# Part 2: Bayesian Concepts

## Bayes' theorem

If $Y$ is a random variable, then $f(y|\theta)$ is a probability ditribution representing the sampling model for the observed data $y = (y_1, y_2, ..., y_n)$ given an unknown parameter, $\theta$.
The distribution $f(y|\theta)$ is often called the *likelihood* and sometimes written as $L(\theta; y)$.
We know that $L(\theta; y)$ is not a probability distribution for $\theta$ given $y$. Therefore, $\int L(\theta;y) \ d\theta \ \ $ is not neccesarily equal to $1$ or even finite.

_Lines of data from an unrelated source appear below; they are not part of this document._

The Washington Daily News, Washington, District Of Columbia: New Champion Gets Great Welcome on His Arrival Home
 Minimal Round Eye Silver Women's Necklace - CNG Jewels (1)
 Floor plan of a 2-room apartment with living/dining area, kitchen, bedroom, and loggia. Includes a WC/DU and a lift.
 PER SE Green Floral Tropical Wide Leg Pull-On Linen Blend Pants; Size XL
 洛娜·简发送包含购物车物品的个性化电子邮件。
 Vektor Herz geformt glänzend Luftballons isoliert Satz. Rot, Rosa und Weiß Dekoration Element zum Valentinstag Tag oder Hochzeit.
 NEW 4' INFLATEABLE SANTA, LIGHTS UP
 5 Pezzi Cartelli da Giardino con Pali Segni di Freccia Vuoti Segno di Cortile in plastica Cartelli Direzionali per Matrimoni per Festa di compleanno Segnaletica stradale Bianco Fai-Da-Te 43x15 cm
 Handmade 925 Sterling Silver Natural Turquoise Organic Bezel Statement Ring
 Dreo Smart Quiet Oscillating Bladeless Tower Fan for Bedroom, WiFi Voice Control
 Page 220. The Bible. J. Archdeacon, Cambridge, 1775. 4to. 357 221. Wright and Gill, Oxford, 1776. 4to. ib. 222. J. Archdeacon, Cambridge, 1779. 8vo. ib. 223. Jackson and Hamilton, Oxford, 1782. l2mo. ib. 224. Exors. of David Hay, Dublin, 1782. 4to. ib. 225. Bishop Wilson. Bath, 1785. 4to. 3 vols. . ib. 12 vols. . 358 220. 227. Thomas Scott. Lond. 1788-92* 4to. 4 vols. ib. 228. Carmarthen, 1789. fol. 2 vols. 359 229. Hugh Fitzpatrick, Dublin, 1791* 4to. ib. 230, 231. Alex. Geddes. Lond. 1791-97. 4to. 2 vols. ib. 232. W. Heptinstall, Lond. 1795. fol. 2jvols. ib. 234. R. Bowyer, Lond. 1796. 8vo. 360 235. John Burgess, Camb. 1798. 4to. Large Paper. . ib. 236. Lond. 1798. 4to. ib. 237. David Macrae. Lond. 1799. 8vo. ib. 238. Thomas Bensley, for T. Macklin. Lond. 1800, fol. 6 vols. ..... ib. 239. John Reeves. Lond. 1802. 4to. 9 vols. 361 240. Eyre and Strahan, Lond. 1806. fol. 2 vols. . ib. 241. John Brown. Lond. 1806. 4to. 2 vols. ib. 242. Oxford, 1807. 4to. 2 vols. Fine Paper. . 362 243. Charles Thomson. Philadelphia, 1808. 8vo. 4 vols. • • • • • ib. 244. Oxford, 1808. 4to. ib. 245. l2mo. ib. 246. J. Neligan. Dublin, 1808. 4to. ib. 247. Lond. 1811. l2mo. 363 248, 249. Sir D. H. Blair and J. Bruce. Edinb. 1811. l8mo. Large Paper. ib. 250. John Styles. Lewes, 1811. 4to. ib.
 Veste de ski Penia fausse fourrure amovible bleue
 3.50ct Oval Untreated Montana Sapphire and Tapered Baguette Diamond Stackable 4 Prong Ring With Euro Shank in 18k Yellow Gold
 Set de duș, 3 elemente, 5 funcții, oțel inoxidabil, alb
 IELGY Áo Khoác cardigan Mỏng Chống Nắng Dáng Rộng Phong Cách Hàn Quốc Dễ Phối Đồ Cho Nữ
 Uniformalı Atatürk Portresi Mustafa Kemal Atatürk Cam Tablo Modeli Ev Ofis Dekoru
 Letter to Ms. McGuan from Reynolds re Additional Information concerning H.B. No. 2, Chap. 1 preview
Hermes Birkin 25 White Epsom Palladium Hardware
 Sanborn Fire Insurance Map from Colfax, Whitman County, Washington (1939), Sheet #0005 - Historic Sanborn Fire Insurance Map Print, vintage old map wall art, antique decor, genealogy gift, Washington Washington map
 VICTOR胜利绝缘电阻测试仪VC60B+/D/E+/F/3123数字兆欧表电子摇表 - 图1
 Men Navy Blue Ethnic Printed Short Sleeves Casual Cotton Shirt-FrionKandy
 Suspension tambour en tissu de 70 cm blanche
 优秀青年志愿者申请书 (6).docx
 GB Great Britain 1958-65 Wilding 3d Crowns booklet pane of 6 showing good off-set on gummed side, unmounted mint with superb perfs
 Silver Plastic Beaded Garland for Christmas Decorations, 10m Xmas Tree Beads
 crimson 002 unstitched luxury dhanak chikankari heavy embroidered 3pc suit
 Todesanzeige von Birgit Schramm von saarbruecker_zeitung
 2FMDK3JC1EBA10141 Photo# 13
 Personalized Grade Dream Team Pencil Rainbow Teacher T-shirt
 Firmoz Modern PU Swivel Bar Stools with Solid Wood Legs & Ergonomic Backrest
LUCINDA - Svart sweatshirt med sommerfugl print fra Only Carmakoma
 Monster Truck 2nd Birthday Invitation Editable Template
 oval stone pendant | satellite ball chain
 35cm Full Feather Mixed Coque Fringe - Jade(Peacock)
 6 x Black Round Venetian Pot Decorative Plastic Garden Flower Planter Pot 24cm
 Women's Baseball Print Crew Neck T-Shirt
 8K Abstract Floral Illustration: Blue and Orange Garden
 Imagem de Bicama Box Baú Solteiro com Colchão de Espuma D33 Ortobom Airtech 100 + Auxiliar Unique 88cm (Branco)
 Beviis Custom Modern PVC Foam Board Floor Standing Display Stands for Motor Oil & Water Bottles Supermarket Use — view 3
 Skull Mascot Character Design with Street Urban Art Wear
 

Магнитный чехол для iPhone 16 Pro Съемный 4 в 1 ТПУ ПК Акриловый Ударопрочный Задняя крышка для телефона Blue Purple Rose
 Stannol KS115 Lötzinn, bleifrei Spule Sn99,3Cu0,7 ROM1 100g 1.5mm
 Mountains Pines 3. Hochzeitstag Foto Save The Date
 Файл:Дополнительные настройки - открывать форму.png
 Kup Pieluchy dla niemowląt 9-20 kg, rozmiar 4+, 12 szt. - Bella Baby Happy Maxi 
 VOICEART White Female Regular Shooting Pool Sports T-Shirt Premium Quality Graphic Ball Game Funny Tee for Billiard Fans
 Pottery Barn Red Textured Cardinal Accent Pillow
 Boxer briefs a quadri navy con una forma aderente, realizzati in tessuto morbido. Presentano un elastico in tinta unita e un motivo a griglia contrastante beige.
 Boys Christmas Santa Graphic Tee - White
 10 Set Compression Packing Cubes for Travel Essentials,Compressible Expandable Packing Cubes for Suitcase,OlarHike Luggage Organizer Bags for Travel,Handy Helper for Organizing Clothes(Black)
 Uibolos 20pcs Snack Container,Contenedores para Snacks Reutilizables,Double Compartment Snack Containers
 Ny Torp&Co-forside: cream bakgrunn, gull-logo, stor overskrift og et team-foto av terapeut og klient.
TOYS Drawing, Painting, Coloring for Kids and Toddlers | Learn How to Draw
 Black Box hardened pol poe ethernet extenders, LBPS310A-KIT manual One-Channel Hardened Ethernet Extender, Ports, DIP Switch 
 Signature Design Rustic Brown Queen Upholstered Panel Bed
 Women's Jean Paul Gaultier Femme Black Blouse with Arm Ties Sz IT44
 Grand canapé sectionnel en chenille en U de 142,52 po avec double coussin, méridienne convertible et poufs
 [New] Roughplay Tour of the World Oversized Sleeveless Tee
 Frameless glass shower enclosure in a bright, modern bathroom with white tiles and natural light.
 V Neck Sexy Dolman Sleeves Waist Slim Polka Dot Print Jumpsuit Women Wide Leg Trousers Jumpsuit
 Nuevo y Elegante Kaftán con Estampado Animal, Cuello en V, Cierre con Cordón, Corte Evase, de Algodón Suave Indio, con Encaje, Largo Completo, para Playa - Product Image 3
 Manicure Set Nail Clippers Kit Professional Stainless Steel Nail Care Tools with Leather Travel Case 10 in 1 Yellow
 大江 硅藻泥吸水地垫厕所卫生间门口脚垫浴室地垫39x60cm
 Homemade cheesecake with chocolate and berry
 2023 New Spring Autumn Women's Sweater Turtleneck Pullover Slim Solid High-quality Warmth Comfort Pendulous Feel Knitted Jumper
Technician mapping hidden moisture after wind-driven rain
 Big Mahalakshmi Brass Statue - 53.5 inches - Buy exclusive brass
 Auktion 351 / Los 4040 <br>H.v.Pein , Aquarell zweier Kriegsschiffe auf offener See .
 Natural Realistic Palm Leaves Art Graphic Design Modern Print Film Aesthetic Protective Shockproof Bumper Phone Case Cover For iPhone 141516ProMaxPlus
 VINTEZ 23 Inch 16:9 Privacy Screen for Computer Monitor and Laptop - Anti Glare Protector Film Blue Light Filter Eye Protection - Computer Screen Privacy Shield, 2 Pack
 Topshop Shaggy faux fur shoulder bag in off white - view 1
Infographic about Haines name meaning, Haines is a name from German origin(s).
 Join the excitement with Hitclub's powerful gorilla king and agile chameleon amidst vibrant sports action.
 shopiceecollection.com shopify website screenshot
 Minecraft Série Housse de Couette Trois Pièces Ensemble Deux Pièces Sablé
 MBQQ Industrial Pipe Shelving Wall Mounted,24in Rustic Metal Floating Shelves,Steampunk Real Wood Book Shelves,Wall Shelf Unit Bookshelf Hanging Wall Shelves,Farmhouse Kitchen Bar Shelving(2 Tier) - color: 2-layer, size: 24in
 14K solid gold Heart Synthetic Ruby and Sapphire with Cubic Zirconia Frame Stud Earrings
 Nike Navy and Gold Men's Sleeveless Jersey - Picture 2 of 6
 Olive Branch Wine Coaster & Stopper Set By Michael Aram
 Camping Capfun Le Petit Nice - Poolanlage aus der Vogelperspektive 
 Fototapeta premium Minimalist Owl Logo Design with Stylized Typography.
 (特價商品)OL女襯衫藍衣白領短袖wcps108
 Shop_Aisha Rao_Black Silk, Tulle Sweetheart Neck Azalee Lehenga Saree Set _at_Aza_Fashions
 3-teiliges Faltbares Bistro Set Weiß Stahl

It is possible to find the value of $\theta$ that maximises the likelihood function: *a maximum likelihood estimate* (MLE) for $\theta$, as:
\begin{align}
\hat{\theta} = argmax_{\theta}L(\theta;y)
\end{align}

In Bayesian statistics, $\theta$ is not a fixed (although unknown) parameter
but a random quantity.

This is done by adopting a probability distribution, called _prior distribution_, for ${\theta}$ that contains any information we have about ${\theta}$ not related to the data ${y}$.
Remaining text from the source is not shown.